Recipe from Michelle Bandy-Zalatoris
Beets can seem daunting to some - their deep color, rich flavor and creepy canned, pickled versions that many of us tried and hated as kids prevent beets from becoming a welcome staple for many. We are including a few new recipes to help you rethink beets.
Our first recommendation? Try them raw. Grate them over your next salad. Peel them, slice them and throw them on a veggie plate. They make a beautiful addition, and their earthy flavor is fresh and delicious this way. A dip made with labne (a Middle Eastern yogurt) drizzled with good olive oil is absolutely heavenly.
Here are a few more ideas.
Breakfast Zinger Juice
"This is a delicious, cleansing juice uses lemons, beets, carrots, and apples. It is a great way to kick start your day, while getting necessary vitamins."
2 lemons - peeled, seeded, and quartered
2 carrots, chopped
2 apples, quartered
2 beets, trimmed and chopped
Press lemons, carrots, apples, and beets through a juicer and into a large glass.
Creamy Beet with Dill Soup
"Toasted caraway seeds and fresh dill perfectly accent this Eastern European inspired soup. Garnish with chopped hard-cooked egg."
2 tablespoons olive oil
1 1/2 pounds raw beets, cut into 1-inch chunks
1 large onion, cut into large dice
1 tablespoon butter
1 pinch sugar
3 large garlic cloves, thickly sliced
1 teaspoon toasted caraway seeds*
1/8 teaspoon cayenne pepper
3 cups chicken broth, homemade or from a carton or can
2 tablespoons fresh dill
1 1/2 cups half-and-half (or whole milk)
Salt and freshly ground pepper, to taste
Garnish: chopped hard-cooked egg
Heat oil over medium-high heat in a large, deep saute pan until shimmering. Add beets, then onion; saute, stirring very little at first, then more frequently, until squash start to turn golden brown, 7 to 8 minutes.
Reduce heat to low and add butter, sugar and garlic; continue cooking until all vegetables are a rich spotty caramel color, about 10 minutes longer. Add caraway seeds and cayenne pepper; continue to saute until fragrant, 30 seconds to 1 minute longer.
Add broth; bring to a simmer over medium-high heat. Reduce heat to low and simmer, partially covered, until beets are tender, about 10 minutes. Using an immersion blender or traditional blender, puree (adding fresh dill) until very smooth, 30 seconds to 1 minute. (If using a traditional blender, vent it either by removing the lid's pop-out center or by lifting one edge of the lid. Drape the blender canister with a kitchen towel. To 'clean' the canister, pour in a little half-and-half, blend briefly, then add to the soup.)
Return to pan (or a soup pot); add enough half-and-half so the mixture is souplike, yet thick enough to float garnish.

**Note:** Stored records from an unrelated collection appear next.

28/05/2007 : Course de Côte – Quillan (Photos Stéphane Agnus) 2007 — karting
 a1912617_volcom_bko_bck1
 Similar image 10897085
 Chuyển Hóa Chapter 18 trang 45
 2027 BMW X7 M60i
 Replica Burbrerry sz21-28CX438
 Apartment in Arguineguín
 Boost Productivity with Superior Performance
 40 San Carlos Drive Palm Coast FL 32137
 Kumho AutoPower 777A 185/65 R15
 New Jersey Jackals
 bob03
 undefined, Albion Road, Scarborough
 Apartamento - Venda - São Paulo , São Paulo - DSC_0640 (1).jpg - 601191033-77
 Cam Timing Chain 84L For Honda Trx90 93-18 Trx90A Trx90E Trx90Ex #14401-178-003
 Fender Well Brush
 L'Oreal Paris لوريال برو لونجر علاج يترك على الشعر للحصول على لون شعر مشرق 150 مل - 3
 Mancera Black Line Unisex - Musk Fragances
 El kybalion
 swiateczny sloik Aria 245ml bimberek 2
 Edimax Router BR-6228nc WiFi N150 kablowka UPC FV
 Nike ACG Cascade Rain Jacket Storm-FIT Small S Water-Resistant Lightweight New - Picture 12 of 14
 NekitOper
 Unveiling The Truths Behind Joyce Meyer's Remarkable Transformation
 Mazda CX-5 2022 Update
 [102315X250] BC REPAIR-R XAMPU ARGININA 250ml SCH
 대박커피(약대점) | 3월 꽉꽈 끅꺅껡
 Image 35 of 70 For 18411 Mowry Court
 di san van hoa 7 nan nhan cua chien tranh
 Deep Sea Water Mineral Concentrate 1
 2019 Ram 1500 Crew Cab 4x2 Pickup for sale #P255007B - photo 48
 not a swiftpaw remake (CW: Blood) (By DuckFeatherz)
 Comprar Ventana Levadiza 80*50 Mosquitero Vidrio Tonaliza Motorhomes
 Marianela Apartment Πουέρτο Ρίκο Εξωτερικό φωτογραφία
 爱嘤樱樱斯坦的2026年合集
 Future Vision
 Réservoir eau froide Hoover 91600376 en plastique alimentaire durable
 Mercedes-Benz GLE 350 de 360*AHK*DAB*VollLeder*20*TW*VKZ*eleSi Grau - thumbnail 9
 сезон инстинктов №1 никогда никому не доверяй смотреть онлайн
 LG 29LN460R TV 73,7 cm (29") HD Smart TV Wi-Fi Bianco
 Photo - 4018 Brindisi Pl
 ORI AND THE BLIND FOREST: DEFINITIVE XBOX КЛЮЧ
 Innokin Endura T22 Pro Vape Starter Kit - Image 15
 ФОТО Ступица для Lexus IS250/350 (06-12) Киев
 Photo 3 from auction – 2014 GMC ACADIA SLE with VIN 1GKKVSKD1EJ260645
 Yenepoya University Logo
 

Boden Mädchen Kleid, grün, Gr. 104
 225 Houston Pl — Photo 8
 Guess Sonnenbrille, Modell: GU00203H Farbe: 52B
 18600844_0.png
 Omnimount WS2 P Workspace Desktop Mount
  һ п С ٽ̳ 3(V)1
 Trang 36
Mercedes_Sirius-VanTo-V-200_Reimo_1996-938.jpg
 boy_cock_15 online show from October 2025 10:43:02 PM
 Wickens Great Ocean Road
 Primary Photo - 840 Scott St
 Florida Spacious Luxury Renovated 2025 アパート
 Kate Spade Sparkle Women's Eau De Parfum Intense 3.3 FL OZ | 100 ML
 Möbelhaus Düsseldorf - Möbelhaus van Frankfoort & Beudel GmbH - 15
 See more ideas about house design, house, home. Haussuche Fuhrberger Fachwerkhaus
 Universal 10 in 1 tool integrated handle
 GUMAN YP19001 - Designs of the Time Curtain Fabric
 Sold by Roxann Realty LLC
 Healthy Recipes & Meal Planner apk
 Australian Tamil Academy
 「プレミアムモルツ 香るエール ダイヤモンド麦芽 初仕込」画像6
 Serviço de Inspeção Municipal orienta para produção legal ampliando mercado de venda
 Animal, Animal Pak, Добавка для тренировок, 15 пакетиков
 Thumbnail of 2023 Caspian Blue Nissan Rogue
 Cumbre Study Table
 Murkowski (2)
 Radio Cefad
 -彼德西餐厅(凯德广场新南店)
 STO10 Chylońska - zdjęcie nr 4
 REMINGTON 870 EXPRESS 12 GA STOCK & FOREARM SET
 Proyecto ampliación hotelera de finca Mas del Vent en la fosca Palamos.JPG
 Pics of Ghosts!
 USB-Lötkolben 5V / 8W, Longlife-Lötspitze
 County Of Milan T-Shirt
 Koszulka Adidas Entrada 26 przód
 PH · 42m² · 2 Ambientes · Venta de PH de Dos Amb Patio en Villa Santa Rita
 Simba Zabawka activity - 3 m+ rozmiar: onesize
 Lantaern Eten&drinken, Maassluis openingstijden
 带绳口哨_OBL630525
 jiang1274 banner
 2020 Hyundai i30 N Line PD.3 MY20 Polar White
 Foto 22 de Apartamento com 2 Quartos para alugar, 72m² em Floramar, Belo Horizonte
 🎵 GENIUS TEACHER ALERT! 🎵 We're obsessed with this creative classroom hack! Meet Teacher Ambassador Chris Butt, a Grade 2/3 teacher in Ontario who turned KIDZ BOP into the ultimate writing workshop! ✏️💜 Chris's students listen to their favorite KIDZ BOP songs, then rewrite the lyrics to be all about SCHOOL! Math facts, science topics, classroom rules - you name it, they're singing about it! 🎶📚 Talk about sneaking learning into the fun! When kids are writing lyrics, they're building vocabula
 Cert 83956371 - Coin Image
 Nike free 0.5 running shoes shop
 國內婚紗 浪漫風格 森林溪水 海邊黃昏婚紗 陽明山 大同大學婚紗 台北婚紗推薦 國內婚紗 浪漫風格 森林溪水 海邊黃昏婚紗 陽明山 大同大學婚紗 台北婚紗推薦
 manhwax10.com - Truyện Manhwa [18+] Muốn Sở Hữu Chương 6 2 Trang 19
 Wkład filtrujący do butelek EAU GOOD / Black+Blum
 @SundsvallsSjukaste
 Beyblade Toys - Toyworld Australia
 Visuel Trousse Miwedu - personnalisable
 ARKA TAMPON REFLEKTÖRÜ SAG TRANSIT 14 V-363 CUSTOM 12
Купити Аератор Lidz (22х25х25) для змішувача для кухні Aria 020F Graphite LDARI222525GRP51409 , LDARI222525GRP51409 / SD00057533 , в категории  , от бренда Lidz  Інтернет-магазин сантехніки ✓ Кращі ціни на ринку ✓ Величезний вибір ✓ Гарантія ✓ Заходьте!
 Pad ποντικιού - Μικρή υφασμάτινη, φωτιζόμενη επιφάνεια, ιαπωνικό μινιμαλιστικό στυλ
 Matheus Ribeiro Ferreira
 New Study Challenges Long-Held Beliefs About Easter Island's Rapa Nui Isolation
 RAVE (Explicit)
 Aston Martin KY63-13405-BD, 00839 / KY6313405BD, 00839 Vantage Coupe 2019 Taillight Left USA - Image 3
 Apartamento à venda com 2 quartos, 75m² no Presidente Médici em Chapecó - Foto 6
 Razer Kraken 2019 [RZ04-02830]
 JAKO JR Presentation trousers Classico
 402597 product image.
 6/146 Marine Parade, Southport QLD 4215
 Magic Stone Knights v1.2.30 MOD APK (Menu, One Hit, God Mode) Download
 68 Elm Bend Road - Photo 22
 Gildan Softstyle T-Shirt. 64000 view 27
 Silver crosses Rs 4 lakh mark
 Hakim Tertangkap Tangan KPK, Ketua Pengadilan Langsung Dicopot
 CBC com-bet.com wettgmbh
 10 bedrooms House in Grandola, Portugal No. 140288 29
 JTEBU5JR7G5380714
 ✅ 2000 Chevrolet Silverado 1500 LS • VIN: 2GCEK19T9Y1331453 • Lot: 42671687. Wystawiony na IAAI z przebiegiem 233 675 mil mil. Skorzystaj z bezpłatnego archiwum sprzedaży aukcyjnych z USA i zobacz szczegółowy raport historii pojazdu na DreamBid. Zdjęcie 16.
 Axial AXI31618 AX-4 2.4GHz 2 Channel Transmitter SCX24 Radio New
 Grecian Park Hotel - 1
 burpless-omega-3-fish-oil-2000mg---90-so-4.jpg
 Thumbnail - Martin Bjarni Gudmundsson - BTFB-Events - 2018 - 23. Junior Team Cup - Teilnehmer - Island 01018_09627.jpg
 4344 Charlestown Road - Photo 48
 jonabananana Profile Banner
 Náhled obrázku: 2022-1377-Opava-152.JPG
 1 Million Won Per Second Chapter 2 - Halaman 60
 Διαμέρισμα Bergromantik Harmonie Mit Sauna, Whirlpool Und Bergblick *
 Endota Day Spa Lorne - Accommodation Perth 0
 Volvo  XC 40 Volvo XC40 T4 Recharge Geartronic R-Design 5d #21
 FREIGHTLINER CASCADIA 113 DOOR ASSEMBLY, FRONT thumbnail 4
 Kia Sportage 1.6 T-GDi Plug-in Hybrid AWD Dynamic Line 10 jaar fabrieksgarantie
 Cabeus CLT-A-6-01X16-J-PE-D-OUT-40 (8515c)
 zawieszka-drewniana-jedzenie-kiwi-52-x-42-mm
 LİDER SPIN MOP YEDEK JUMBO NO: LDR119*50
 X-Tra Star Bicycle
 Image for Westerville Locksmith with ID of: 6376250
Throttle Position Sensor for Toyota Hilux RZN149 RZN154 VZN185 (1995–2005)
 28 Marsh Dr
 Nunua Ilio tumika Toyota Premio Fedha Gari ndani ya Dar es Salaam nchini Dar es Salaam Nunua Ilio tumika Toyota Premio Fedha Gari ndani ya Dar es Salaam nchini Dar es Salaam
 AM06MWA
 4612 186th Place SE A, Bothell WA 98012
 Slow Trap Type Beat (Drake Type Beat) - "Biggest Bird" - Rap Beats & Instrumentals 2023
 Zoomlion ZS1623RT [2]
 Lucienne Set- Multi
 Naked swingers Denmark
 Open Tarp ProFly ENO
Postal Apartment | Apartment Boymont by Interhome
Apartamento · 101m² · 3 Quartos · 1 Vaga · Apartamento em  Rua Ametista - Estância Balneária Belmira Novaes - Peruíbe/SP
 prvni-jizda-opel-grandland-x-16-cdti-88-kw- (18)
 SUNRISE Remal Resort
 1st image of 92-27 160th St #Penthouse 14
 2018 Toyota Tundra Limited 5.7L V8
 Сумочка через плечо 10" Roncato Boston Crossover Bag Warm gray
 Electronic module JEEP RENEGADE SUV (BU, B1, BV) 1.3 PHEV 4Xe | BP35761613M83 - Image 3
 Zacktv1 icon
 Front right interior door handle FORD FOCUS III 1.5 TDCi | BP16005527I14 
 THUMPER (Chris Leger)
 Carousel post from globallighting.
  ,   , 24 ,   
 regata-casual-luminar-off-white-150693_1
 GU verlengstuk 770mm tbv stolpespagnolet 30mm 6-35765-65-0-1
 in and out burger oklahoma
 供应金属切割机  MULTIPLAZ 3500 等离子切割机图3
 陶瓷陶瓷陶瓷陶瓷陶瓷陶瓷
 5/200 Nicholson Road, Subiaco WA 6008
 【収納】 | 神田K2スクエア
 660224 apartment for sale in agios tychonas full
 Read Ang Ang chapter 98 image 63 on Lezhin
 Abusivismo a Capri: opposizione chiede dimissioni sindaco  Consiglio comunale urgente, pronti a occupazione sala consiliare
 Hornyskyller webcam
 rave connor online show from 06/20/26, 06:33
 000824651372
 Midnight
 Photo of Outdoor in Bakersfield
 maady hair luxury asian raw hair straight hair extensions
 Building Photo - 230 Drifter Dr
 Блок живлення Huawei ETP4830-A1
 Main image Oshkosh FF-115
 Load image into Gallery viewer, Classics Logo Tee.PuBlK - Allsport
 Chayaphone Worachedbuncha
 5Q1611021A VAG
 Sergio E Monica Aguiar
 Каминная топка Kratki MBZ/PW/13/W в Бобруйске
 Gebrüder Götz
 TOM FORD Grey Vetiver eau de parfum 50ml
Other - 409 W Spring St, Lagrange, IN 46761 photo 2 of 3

Taste, and add salt and pepper if needed. Heat through, ladle into bowls, garnish and serve.
Recipe from AllRecipes.com
"Classic humus made with chickpeas, onion, tahini, garlic, lemon, cumin and olive oil, but this humus is flavored and colored with beets!"
8 ounces chickpeas
1 large onion, chopped
1 pound beets
1/2 cup tahini
3 cloves garlic, crushed
1/4 cup fresh lemon juice
1 tablespoon ground cumin
1/4 cup olive oil
In a large bowl, cover chickpeas with cold water and soak overnight. Drain chickpeas and place in a large heavy saucepan; add onion, cover with water and bring to a boil over medium heat. Cook for 1 hour, or until chickpeas are very soft. Drain, reserving 1 cup of cooking liquid. Allow to cool.
Meanwhile, in a large saucepan cover beets with water and bring to a boil over medium heat. Cook until tender; drain and allow beets to cool before removing the skins and chopping.
Puree beets in a food processor; add the chickpeas and onions, tahini, garlic, lemon juice and cumin. Process until smooth. Slowly, while the machine is running, pour in the reserved cooking liquid and olive oil. Continue to process until mixture is thoroughly combined. Drizzle with a little olive oil.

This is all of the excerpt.